Also known in some quarters as Zhong, Gaiwan is a special Chinese teaware used mostly by lovers of Chinese tea. It is a lidded bowl crafted by Chinese teaware artists, used to infuse tea leaves as well as consume tea. In this short article, you'll find out all about this extraordinary piece of Chinese artistry and its importance to the Chinese tea philosophy.
Before the ascension of the Ming Dynasty which ruled between 1368 and 1644, the Chinese were known to consume their tea in the same vessel with which it was prepared. The famous tea master Lu Yu described it as a bowl large enough to accommodate the ingredients of brewing tea, while being compact enough to be held with the hands during consumption. The term used to describe this was Chawan. This versatile teaware literally translated to "tea bowl".

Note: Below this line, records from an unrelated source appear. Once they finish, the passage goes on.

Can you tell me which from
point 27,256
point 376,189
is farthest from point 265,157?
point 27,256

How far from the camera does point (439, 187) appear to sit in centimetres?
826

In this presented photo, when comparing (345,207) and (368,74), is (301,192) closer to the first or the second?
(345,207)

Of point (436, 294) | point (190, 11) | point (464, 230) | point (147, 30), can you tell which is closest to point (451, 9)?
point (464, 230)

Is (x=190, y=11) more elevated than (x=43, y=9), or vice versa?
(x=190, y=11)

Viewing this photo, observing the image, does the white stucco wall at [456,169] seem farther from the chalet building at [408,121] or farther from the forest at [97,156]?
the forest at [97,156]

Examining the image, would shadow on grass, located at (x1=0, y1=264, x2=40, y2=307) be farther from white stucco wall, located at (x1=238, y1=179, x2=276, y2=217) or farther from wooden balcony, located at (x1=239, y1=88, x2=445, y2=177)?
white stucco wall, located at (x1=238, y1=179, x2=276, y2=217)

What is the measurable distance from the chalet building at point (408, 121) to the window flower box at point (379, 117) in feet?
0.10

However, the enthronement of the Ming Dynasty gave rise to major changes in how tea was prepared and brewed. Gaiwan was created in the light of these changes.

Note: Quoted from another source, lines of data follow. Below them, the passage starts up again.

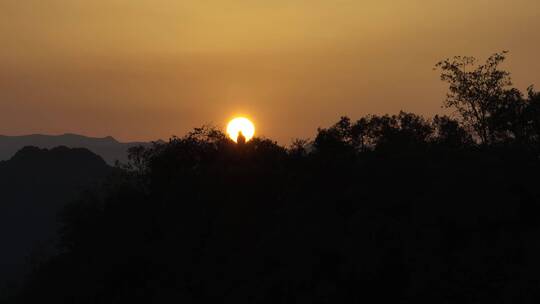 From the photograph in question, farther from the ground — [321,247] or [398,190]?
[398,190]

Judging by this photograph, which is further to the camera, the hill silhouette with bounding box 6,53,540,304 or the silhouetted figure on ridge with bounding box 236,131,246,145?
the silhouetted figure on ridge with bounding box 236,131,246,145

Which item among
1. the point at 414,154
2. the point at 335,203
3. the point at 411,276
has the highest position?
the point at 414,154

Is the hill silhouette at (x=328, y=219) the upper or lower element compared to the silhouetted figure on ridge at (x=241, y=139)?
lower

A set of Gaiwan teaware typically consists of three parts:
- A saucer
- A bowl
- A lid
It can be made from a variety of elements, such as glass and porcelain. There are also Gaiwans made from Jade or Yixing clay. These ones are typically small, holding a volume of 100-150 ml. They are considered to to be of great value and prized by collectors who specialize in tea paraphernalia.

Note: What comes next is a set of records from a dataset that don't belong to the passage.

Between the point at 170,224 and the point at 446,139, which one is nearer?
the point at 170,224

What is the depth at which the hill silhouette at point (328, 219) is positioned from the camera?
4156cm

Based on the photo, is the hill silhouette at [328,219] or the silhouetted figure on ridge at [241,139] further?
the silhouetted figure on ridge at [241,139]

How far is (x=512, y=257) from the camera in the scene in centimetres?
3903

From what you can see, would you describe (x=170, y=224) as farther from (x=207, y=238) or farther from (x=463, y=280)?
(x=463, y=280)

Recently, a Ming princely burial was evacuated, and it yielded the first gaiwan set to survive until modern times. The Gaiwan set found in the excavation is quite popular from 15th century paintings. It included a blue and white stem cup made from Jingdezhen porcelain, with a silver stand and a golden lid. They were all decorated with dragons.
Functions Of Gaiwan
As stated earlier, the gaiwan teaware is popular among lovers of Chinese tea, for brewing and sipping tea. Of a truth, Gaiwan can be used to make any kind of tea really.
However, it is thought to be particularly great for brewing the likes of green tea and white tea, known for their delicate flavors and aromas. Gaiwan teaware absorbs heat and does not affect the flavor. Its versatility can be quite handy when preparing Oolong infusions, which is required to be infused multiple times.
Tea tasting is another great function of the Gaiwan teaware, due to its open and glazed surface. The open surface feature allows you a great view of the tea while it's brewing. Also, there's little chance of the flavor or aroma being altered during the brewing process, due to the glazed feature.
Gaiwan's lid is quite important too. With it, the tea can be infused directly into the bowl or be drunk right from it. Traditionally, the lid is used to block the leaves while drinking, making for easy consumption.
It is not advisable to brew Black Tea with the Gaiwan teaware. The lid is quite large, and this allows much heat escape from the brew too quickly when steeping is taking place.